Los volúmenes del ventrículo izquierdo (VI) y del ventrículo derecho (VD) se obtuvieron a partir de las imágenes de cine eje corto utilizando un trazado semiautomático del endocardio y el epicardio en la telediástole y la telesístole utilizando el software Segment v1.9 (Medviso AB, Lund, Suecia). El volumen miocárdico del VI se calculó como la diferencia entre el volumen diastólico epicárdico y el volumen diastólico endocárdico. Los músculos papilares no se incluyeron en la masa miocárdica.
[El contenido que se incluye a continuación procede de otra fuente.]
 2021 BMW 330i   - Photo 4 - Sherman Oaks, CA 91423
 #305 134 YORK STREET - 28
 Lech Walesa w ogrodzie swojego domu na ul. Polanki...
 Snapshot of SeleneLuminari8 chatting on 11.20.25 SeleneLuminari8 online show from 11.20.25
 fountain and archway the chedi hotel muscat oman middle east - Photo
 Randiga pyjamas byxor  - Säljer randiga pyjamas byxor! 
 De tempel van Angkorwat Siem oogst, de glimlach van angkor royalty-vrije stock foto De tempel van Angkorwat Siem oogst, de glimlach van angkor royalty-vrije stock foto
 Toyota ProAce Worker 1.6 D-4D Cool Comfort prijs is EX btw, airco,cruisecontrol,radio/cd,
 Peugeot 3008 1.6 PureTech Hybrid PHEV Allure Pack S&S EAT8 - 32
La masa del VI se calculó como resultado del volumen miocárdico del VI multiplicado por la densidad del miocardio (1,05 g / ml).

El RTG fue cuantificado mediante un algoritmo automático disponible en el software Segment. La extensión de LGE se calculó teniendo en cuenta la afectación segmentaria utilizando el modelo de 17 segmentos propuesto por el American Heart Asociación (AHA)(15). El segmento ápex estricto fue excluido del estudio.
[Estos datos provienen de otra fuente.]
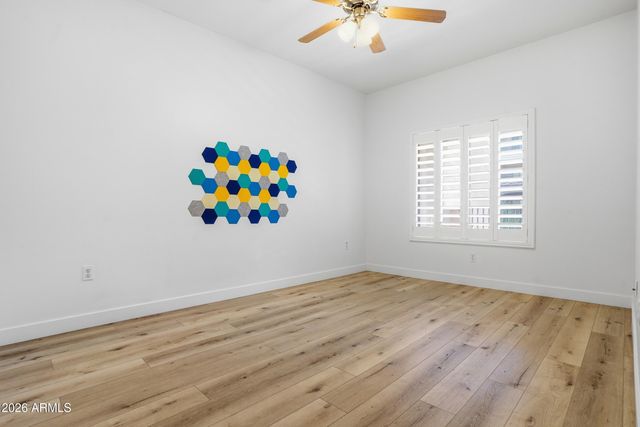 5350 E DEER VALLEY Drive 2435, Phoenix, AZ 85054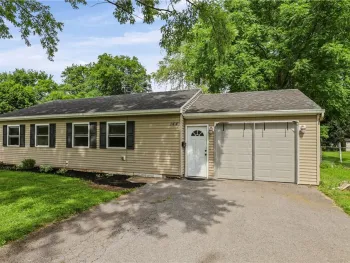 Property at 144 Hyde Parkway, Palmyra, NY 14522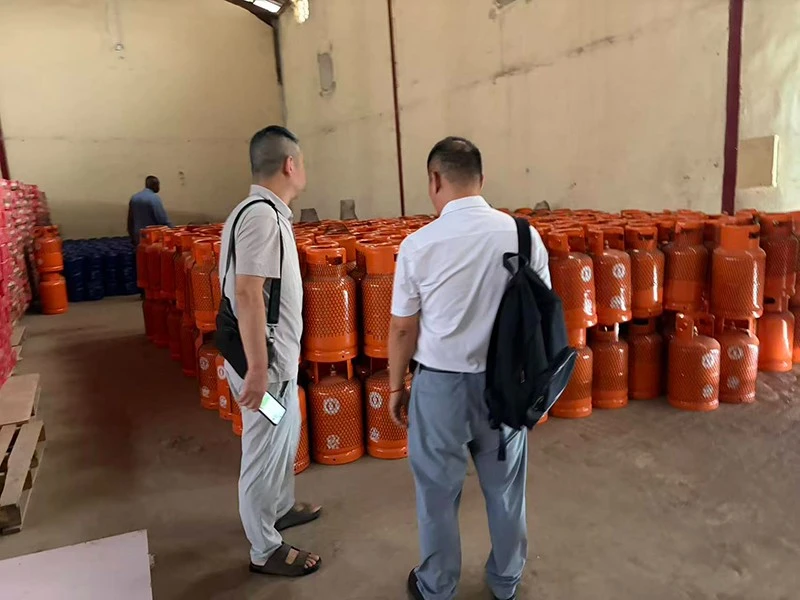 buyer-sourcing-warehouse-inventory-inspection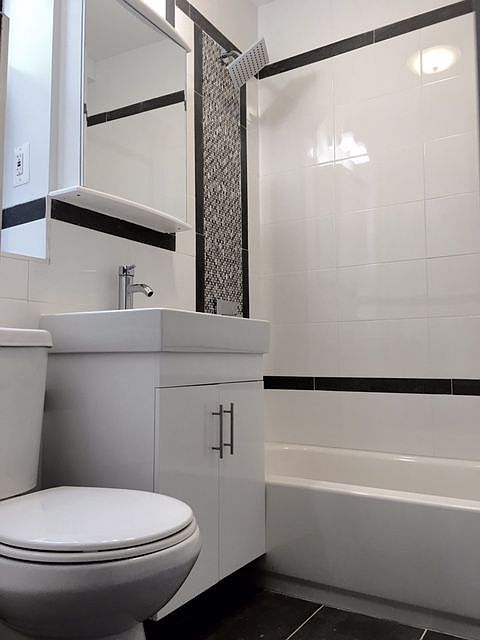 2nd image of 4331 45th St #2L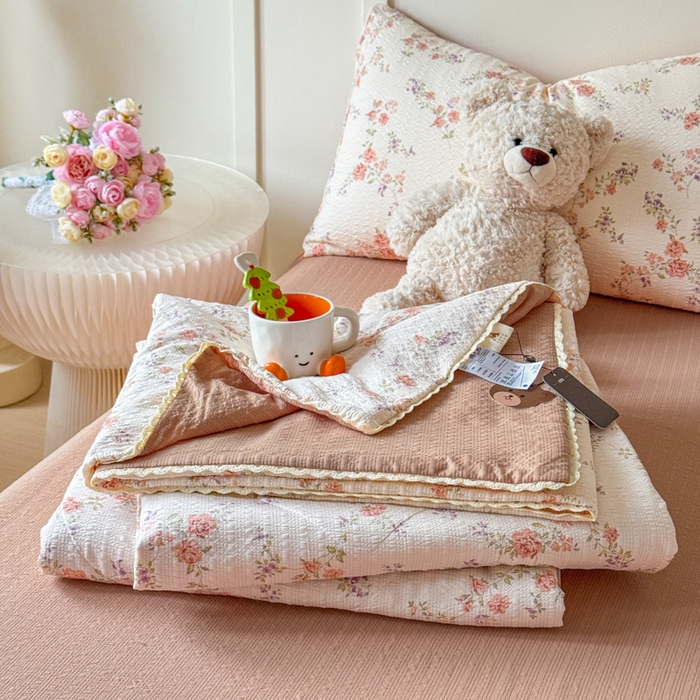 91家纺网 家纺一手货源 找家纺 梦舒阳 2026新款泡芙棉夏被花边款泡芙纱夏凉被四件套空调被带小熊吊牌 暖阳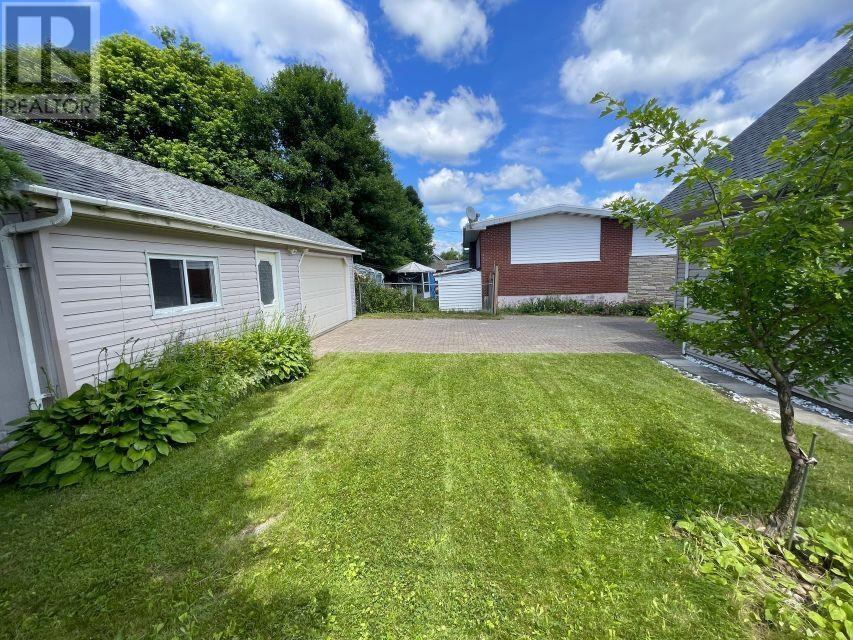 66 Dieppe Ave, Elliot Lake, Ontario  P5A 1H3 - Photo 6 - SM262671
El análisis de la deformación miocárdica del VI se realizó en las imágenes cine SSFP. El análisis consistió en la planimetría automática de los límites endocárdico y epicárdico tanto en telediástole como en telesístole.

Se realizó planimetría manual en los casos en los que no se consiguió la automática.
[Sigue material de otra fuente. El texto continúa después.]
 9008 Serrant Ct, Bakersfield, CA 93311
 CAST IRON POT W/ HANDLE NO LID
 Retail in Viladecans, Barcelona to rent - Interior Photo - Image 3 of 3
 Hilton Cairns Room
Después, se seleccionaron dos cortes equidistantes, donde el miocardio era visible en toda su circunferencia, uno a nivel basal y el otro a nivel apical, tanto en diástole como en sístole.

Se utilizaron imágenes de eje largo en los planos de 2 cámaras, 3 cámaras y 4 cámaras En el caso en el que faltara uno de los planos de eje largo se utilizaron los otros dos planos de eje largo adquiridos. A continuación, se estimó el strain longitudinal, radial y circunferencial y el strain rate (SR). El strain circunferencial y longitudinal fueron calculados tanto para el endocardio como para epicardio.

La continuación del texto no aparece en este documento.